*TASK REQUIREMENTS*
The copy should hold exactly the lines below from the one that contains "1990 Donruss #185" through the one that contains "41x41 41x21 41x62" and nothing else, so no pictures.

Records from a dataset
▼
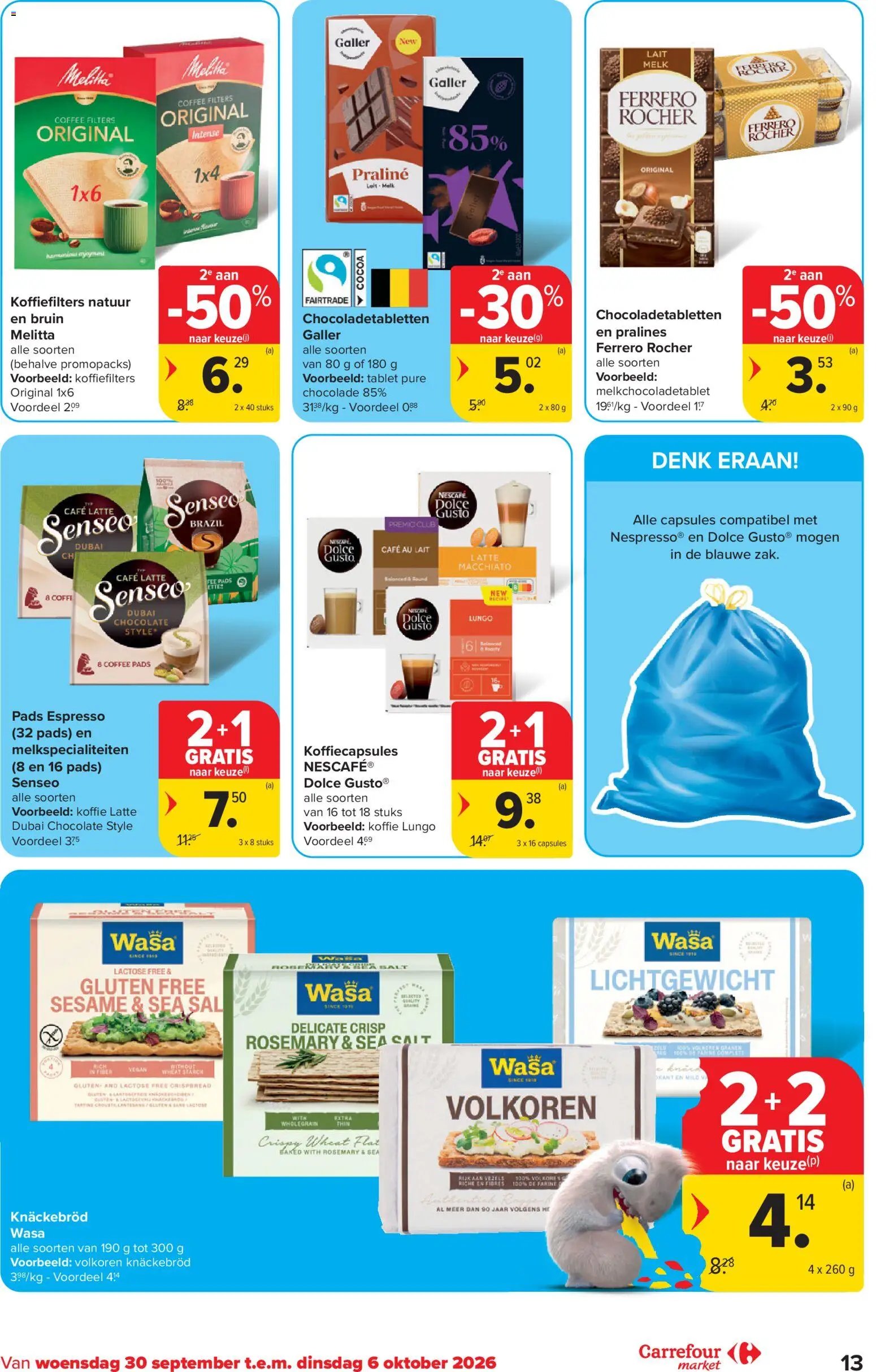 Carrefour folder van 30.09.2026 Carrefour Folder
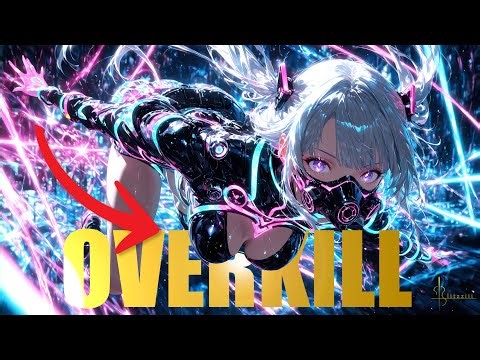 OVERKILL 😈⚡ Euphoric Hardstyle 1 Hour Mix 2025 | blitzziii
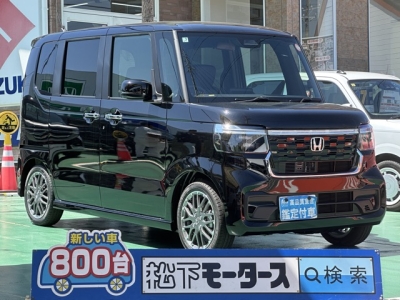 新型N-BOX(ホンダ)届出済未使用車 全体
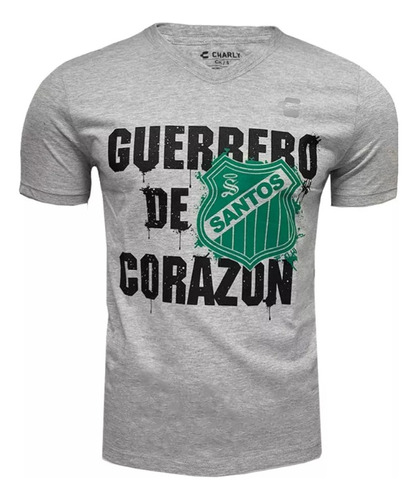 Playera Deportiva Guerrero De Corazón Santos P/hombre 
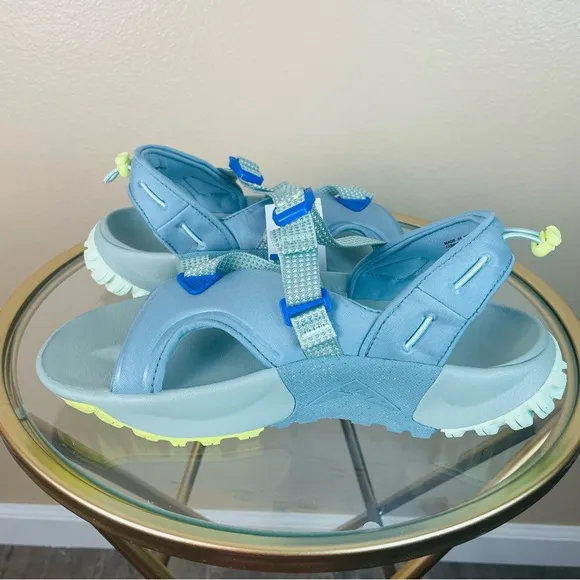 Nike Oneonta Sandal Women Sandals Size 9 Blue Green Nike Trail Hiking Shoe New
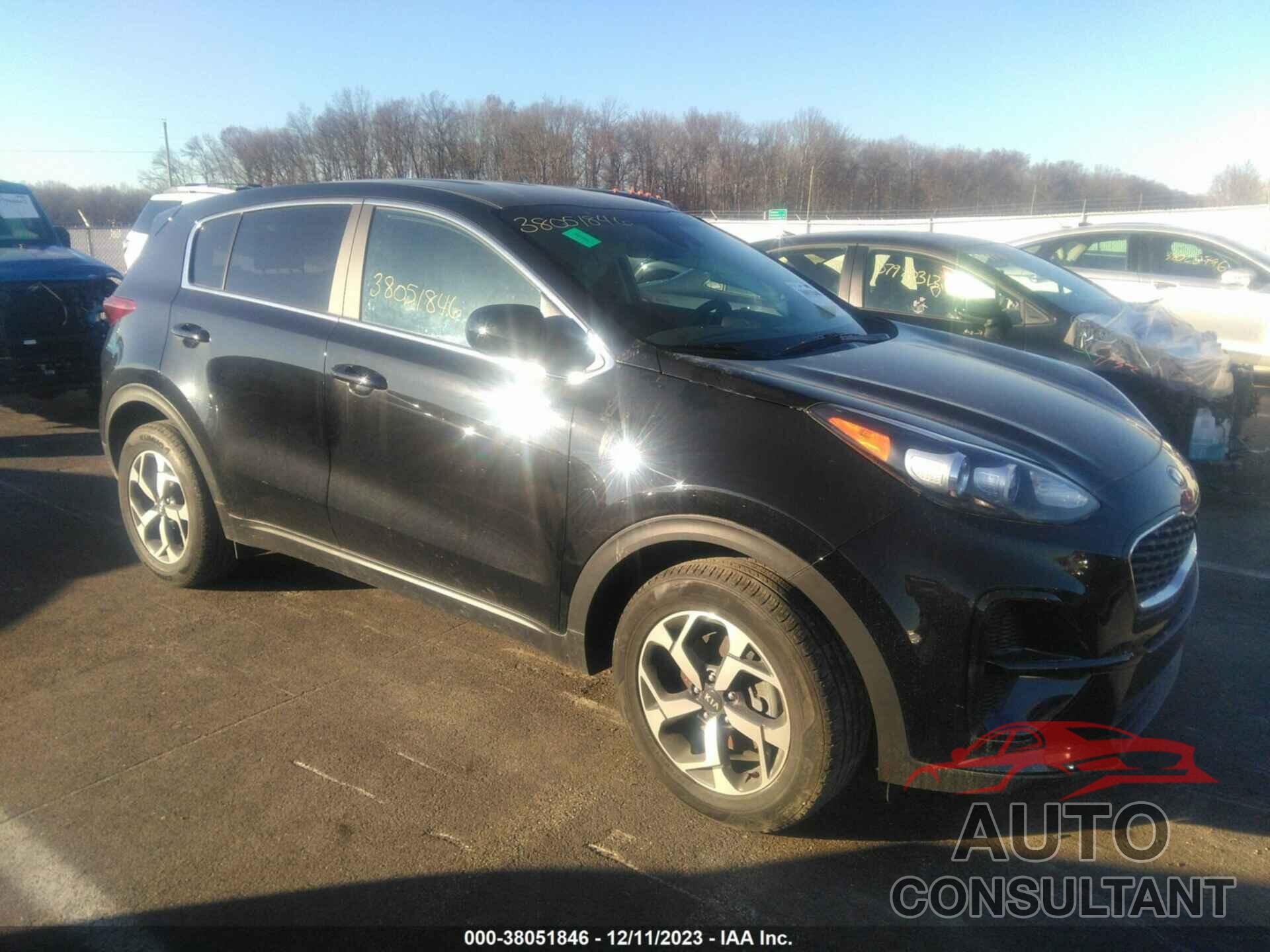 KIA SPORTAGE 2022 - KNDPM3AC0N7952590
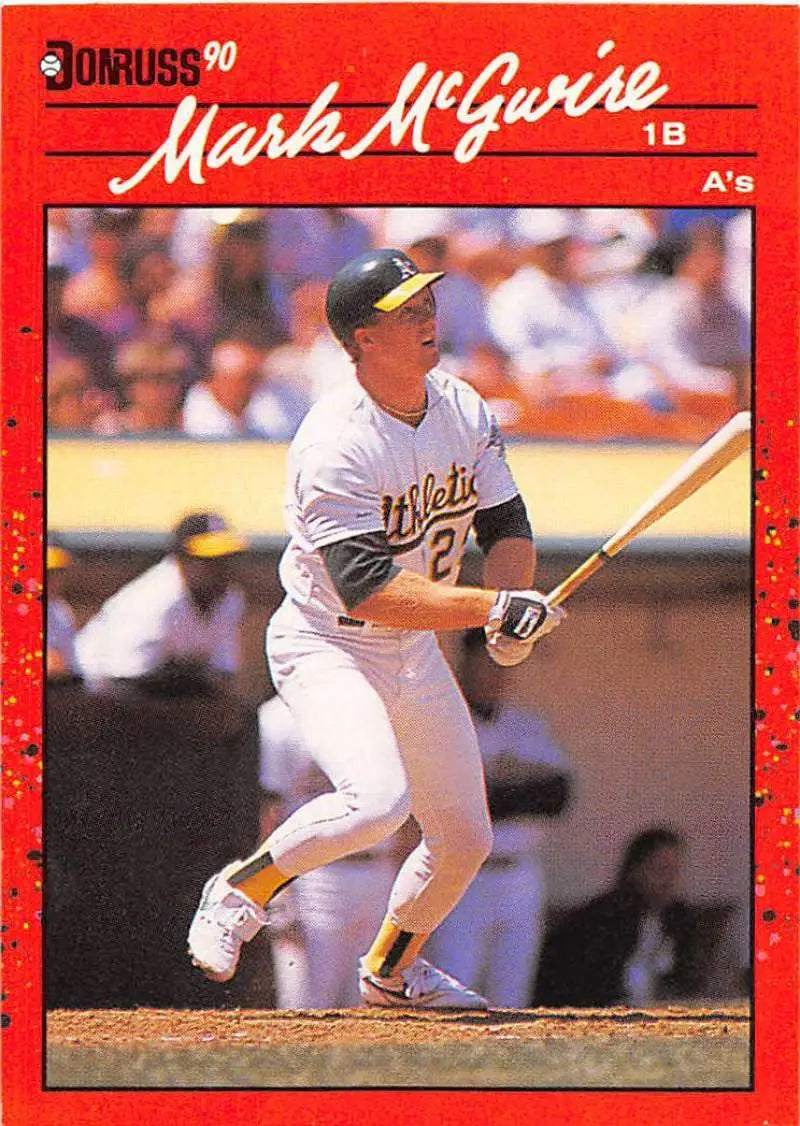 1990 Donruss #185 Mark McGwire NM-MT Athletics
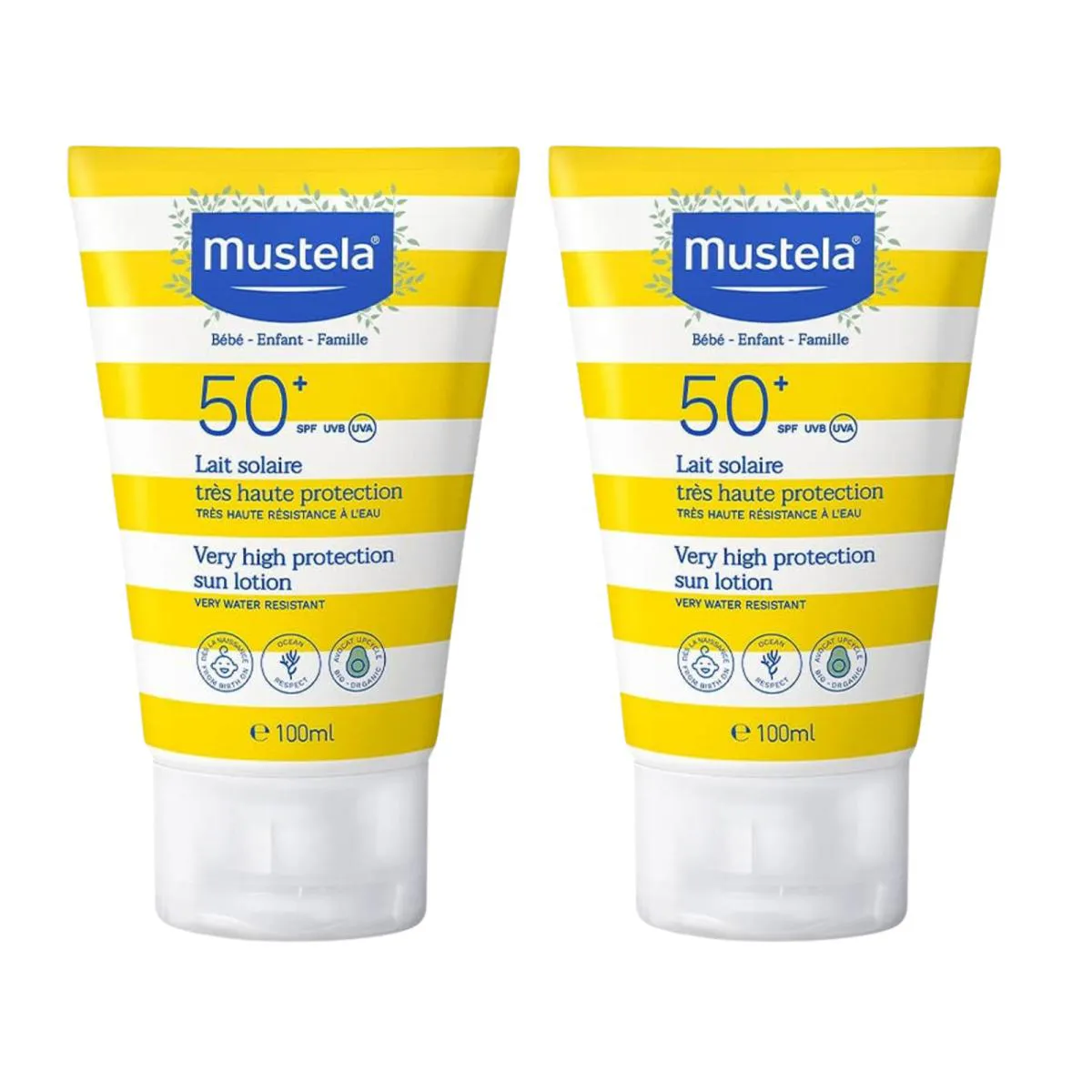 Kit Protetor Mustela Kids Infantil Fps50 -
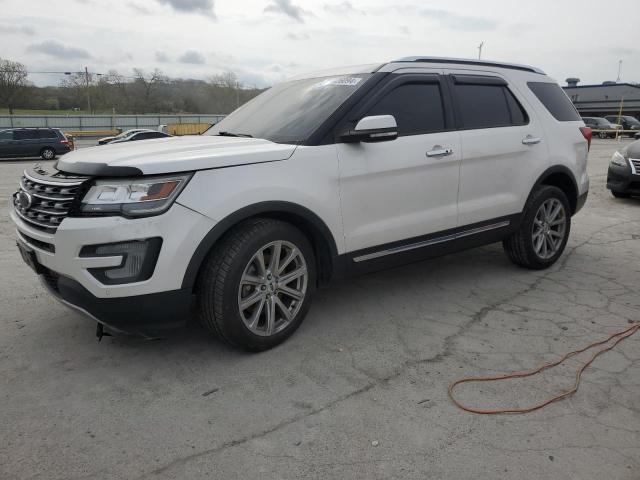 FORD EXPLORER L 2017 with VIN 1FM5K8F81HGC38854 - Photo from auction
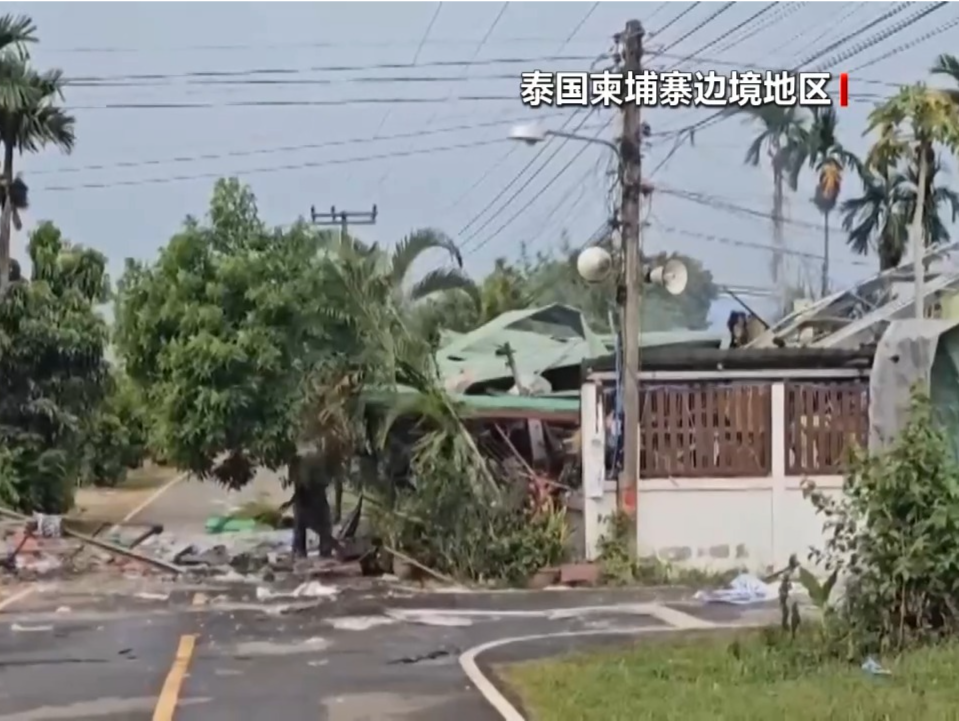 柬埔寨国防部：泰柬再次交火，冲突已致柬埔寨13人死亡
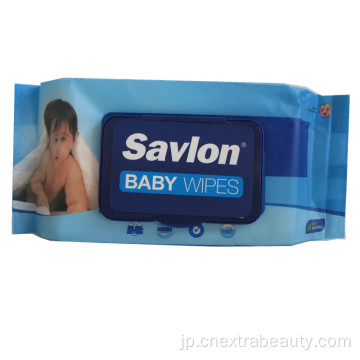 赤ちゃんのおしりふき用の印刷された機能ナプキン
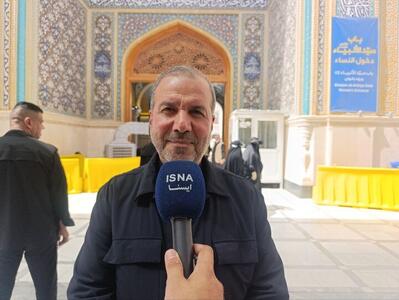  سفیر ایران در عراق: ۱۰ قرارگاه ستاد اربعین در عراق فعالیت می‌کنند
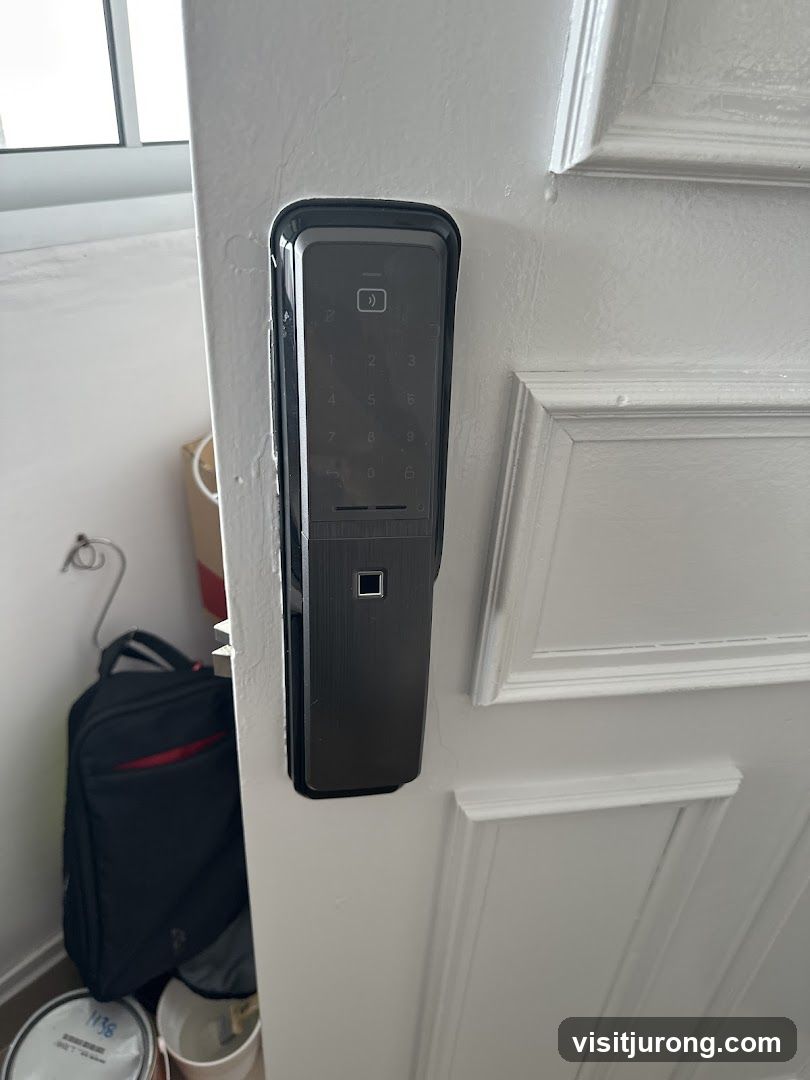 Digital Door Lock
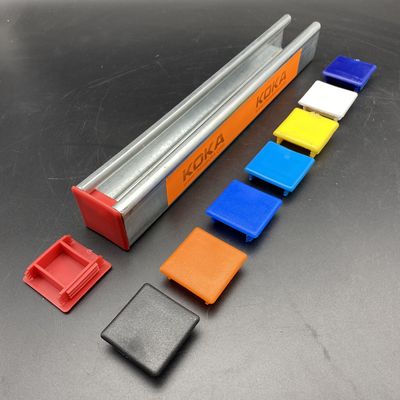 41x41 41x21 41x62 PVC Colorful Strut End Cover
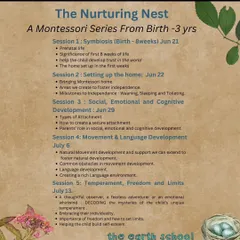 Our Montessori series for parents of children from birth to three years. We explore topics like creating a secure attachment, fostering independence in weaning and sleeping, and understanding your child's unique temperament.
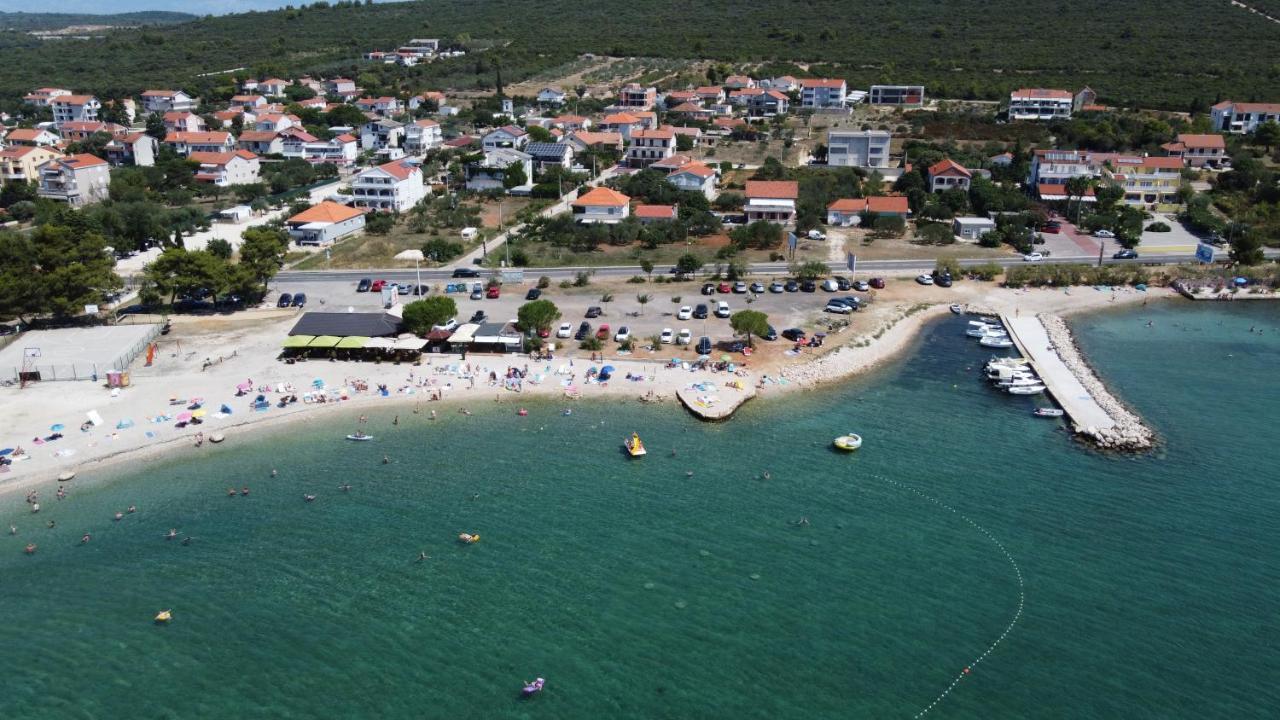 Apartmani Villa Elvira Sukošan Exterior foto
▲
*WRITTEN RESPONSE*
 1990 Donruss #185 Mark McGwire NM-MT Athletics
 Kit Protetor Mustela Kids Infantil Fps50 -
 FORD EXPLORER L 2017 with VIN 1FM5K8F81HGC38854 - Photo from auction
 柬埔寨国防部：泰柬再次交火，冲突已致柬埔寨13人死亡
 赤ちゃんのおしりふき用の印刷された機能ナプキン
  سفیر ایران در عراق: ۱۰ قرارگاه ستاد اربعین در عراق فعالیت می‌کنند
 Digital Door Lock
 41x41 41x21 41x62 PVC Colorful Strut End Cover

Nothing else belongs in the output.